Naast de hoofdregel van artikel 99 Rv omtrent het relatief bevoegde gerecht, geeft artikel 103 Rv een alternatieve bevoegdheid in geschillen betreffende onroerende zaken. Op grond van artikel 103 Rv is ook de rechter binnen wiens rechtsgebied de onroerende zaak of het grootste gedeelte daarvan is gelegen, bevoegd.
4.3.
De rechtbank is met [naam persoon A] van oordeel dat in casu de onroerende zaak zelf onderwerp van geschil is, omdat tussen partijen een koopovereenkomst met betrekking tot die onroerende zaak in het geding is. De rechtbank ziet geen grond voor het door Boot B.V. gemaakte algemene onderscheid tussen verbintenisrechtelijke en goederenrechtelijke verbintenissen met betrekking tot een onroerende zaak bij de vraag naar de toepasselijkheid van art. 103 Rv.
4.4.
De onroerende zaak waar het in de hoofdzaak over gaat is gelegen aan de [adres] , in de gemeente Rotterdam, arrondissement Rotterdam. [naam persoon A] had in deze kwestie als eisende partij een keuzemogelijkheid. Ingevolge artikel 103 Rv is de rechtbank Rotterdam mede bevoegd van de hoofdzaak kennis te nemen.
4.5.
Uit het voorgaande volgt dat de vordering in het incident zal worden afgewezen.

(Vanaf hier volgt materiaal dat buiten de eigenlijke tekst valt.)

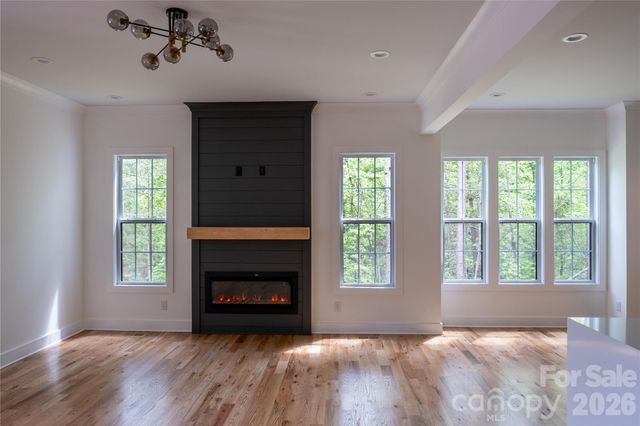 6265 Riviera Run Estates Drive, Hickory, NC 28601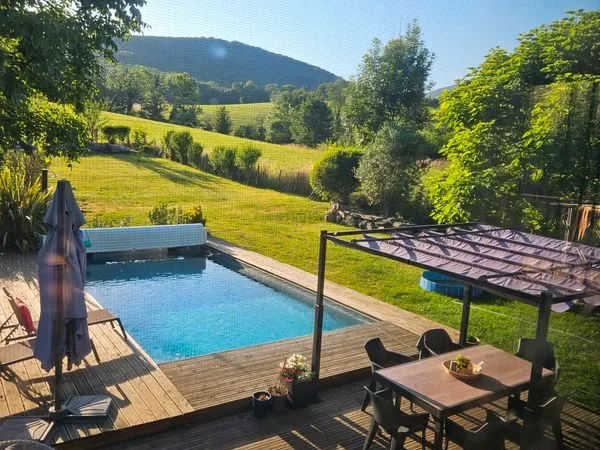 Maison T6 lumineuse individuelle 175m² avec piscine et vue Pyrénées
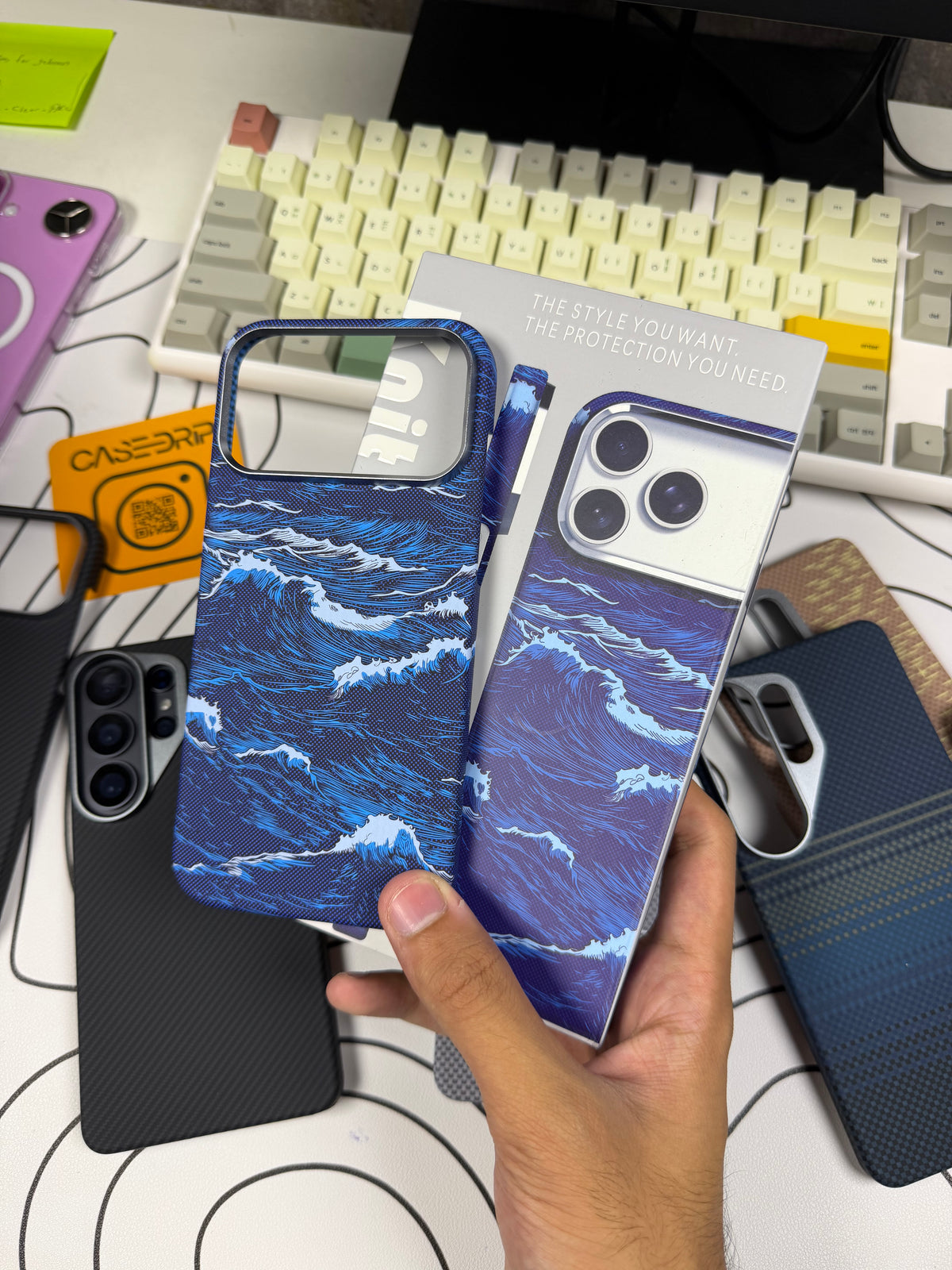 Blue wavy MagSafe carbon 17 pro max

Boot B.V. zal als de in het ongelijk gestelde partij in de kosten van het incident worden veroordeeld.

5..De beslissing

De rechtbank
in het incident
5.1.
wijst het gevorderde af,
5.2.
veroordeelt Boot B.V. in de kosten van het incident, aan de zijde van [naam persoon A] c.s. tot op heden begroot op € 563,00,
5.3.
verklaart deze proceskostenveroordeling uitvoerbaar bij voorraad,
in de hoofdzaak
5.4.
bepaalt dat de zaak weer op de rol zal komen van
31 maart 2021voor beraad rolrechter omtrent het bepalen van een mondelinge behandeling.
5.5.
houdt iedere verdere beslissing aan.
Dit vonnis is gewezen door mr. M. de Geus. Het is ondertekend en in het openbaar uitgesproken door mr. J.F. Koekebakker, rolrechter, op 17 maart 2021.